Domingo, media mañana.

El bullicio frente a la puerta del estadio resultaba singular.
Los perros intranquilos por el ambiente reinante se mostraban alterados, atentos.

Multitud de corredores pululan por alrededor.
Ropas deportivas, brillantes y ceñidas sobre nalgas torneadas de tanto correr.
Familias enteras salen del espacio deportivo..

Ha acontecido una carrera popular, no me he parado siquiera a preguntar sobre qué pretendían reivindicar.
Racimos de hijos e hijas cuelgan de brazos paternales.

A lo lejos, el tañido a muertos de las campanas de la iglesia, contrasta singularmente el momento.

He apretado el paso, no fuera a ser me quitaran la mesa de la terraza.

Más tarde les vuelvo a ver sudorosos, lasos, las facciones estreñidas por el esfuerzo realizado.
Van pasando con la mirada absorta en mis perros, el husky siempre resulta un reclamo a los ojos de los niños..

En el plato, dos gruesas tostadas con tomate y aceite, cubiertas una con bacon y lomo con queso fundido la otra, esperan a ser engullidas mientras apuro tranquilo el sorbo de fría cerveza.

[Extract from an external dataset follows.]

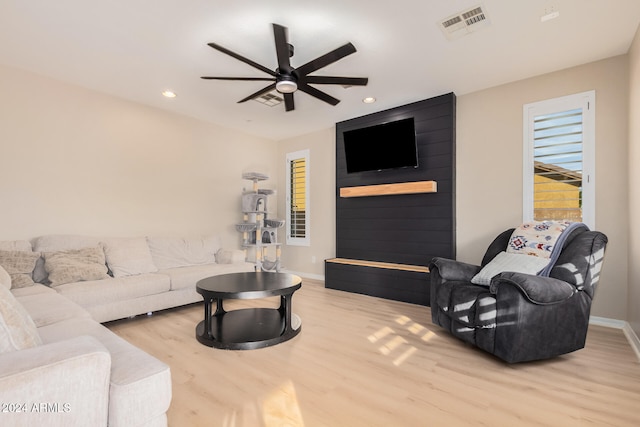 living room with light hardwood / wood-style flooring and ceiling fan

Con la mirada tornada siento las suyas huidizas clavadas ante el insalubre almuerzo.
Sonrio.

Leo la noticia de que José Manuel Lara, el genio de los Premios Planeta ha muerto. 68 años. Cáncer.

Creo que su frase más jocosa decia:

– No alcanzas a ser nadie en la vida si no puedes levantarte a las once.

Vuelvo a sonreir, yo ya estoy viviendo esas palabras. Soy afortunado?